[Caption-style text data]
=== Section Start ===

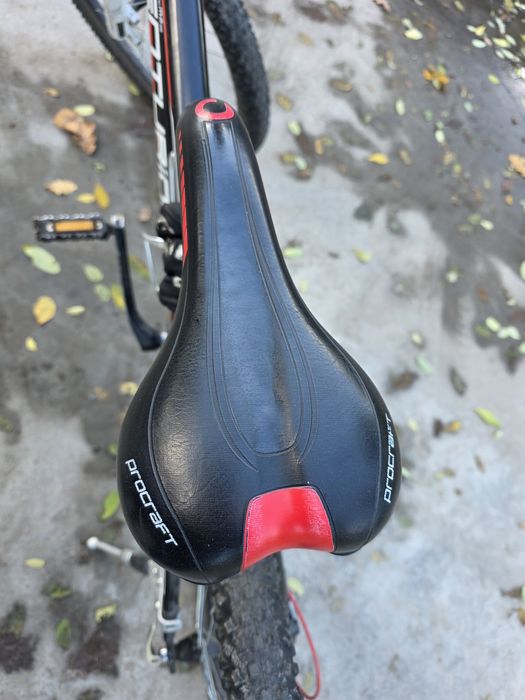 Велосипед Centurion BACKFIRE M2 26 black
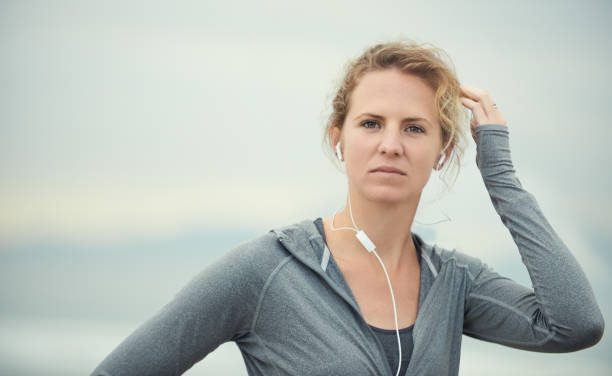 What Happens When You Actually Listen to Your Body?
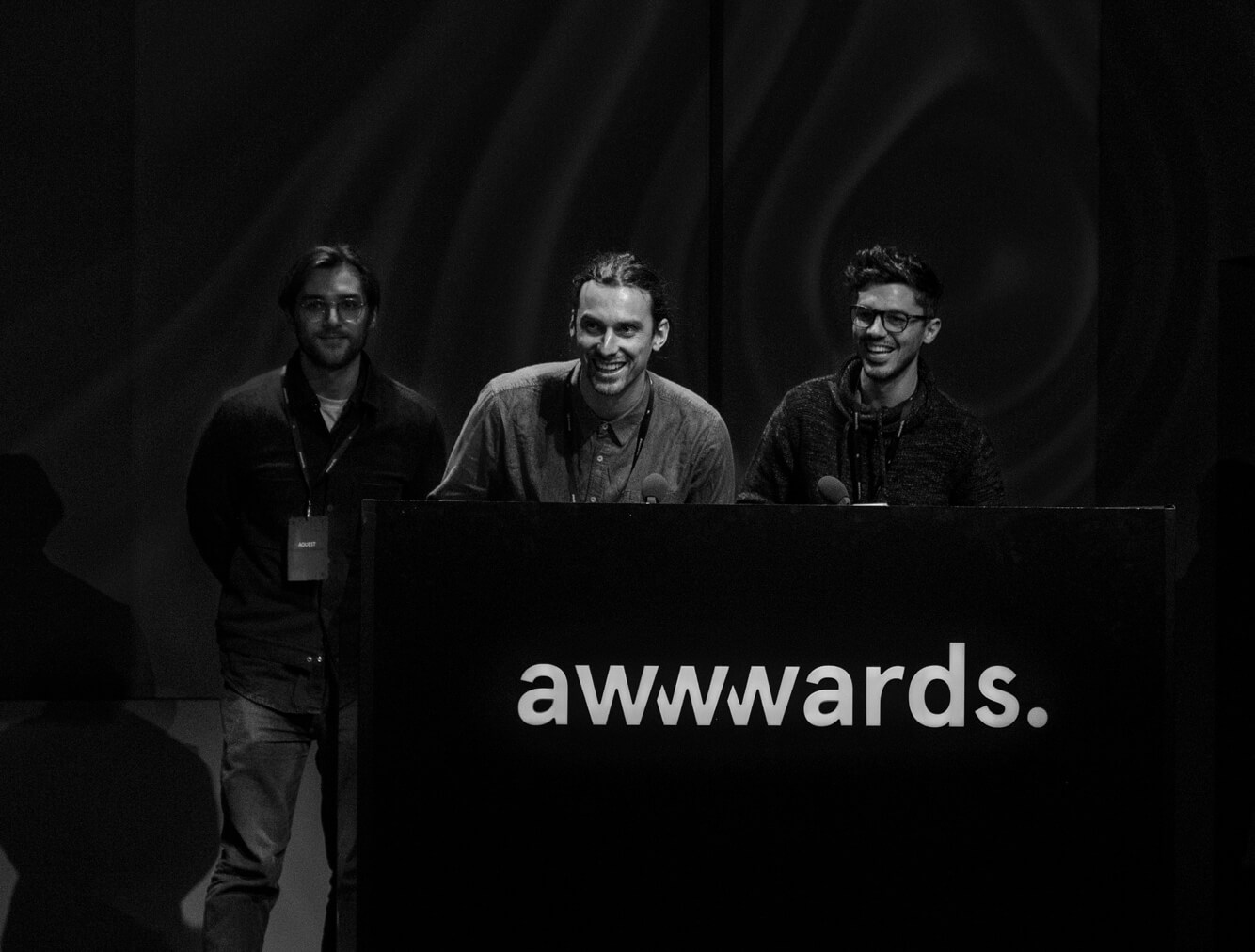 Awwwards 2019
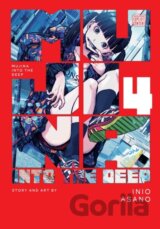Mujina into the Deep, Vol. 4
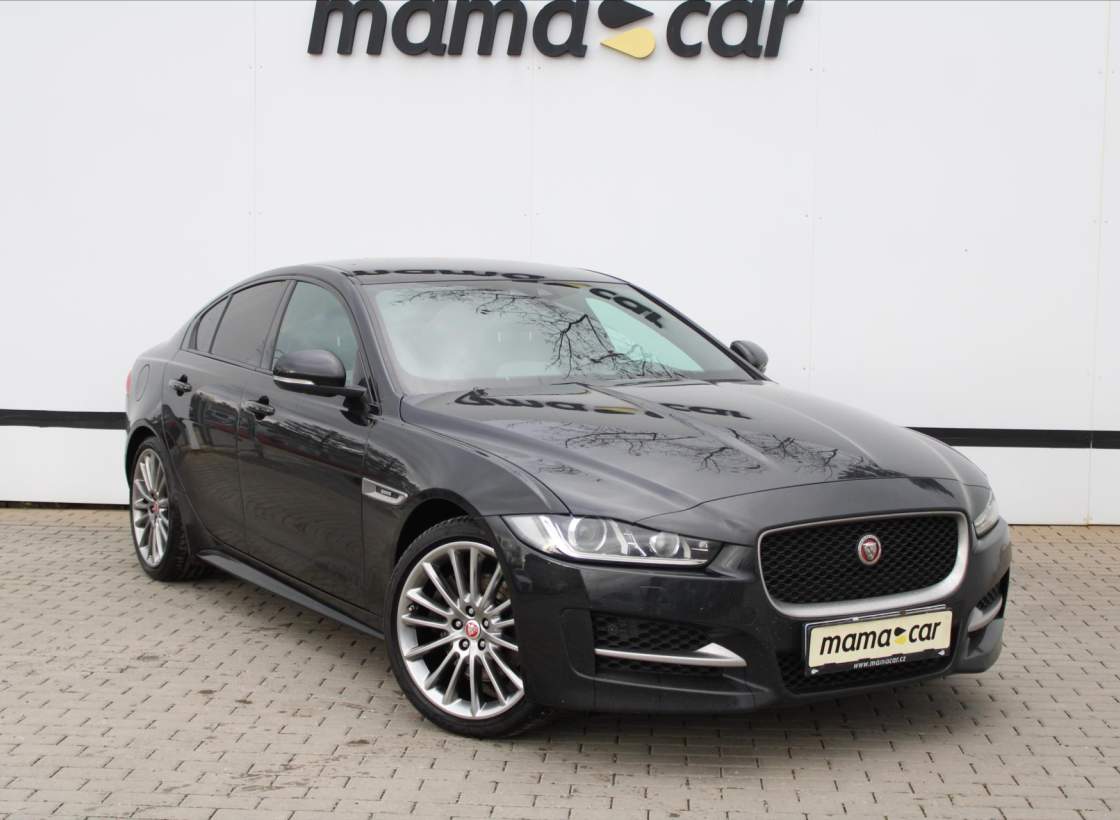 Jaguar - XE
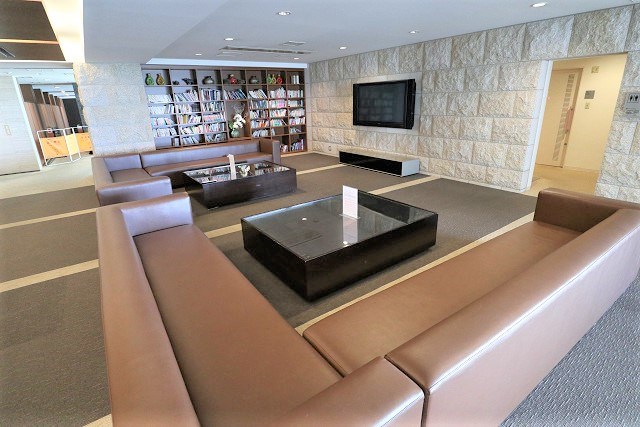 パシフィックロイヤルコートみなとみらいオーシャンタワー  その他5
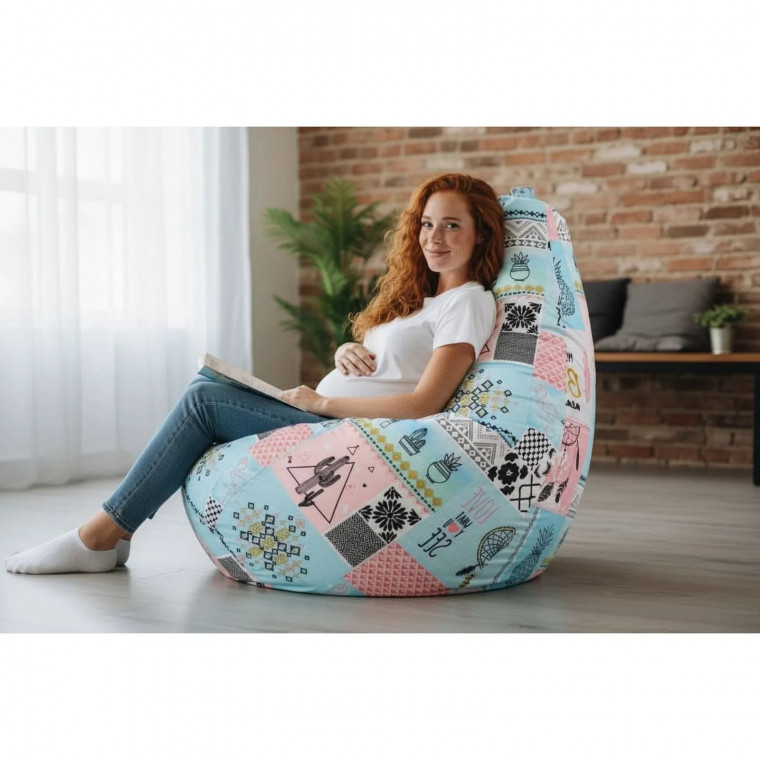 Кресло мешок купить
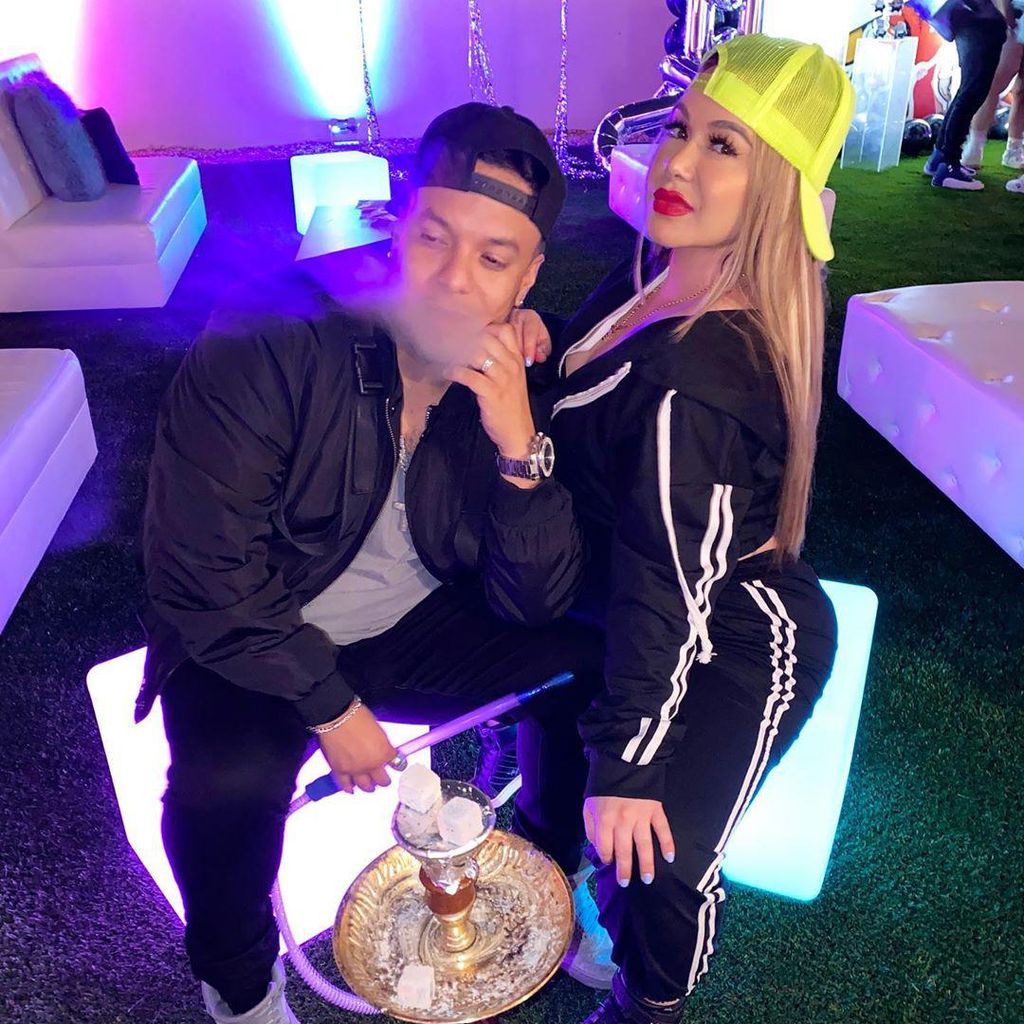 chiquis y lorenzo m ndez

=== Section End ===

§ Your task:
Every line from the one containing "Awwwards 2019" through the last line of the records is to be reproduced exactly, with pictures left out and nothing else given.

§ Completed task:
 Awwwards 2019
Mujina into the Deep, Vol. 4
 Jaguar - XE
 パシフィックロイヤルコートみなとみらいオーシャンタワー  その他5
 Кресло мешок купить
 chiquis y lorenzo m ndez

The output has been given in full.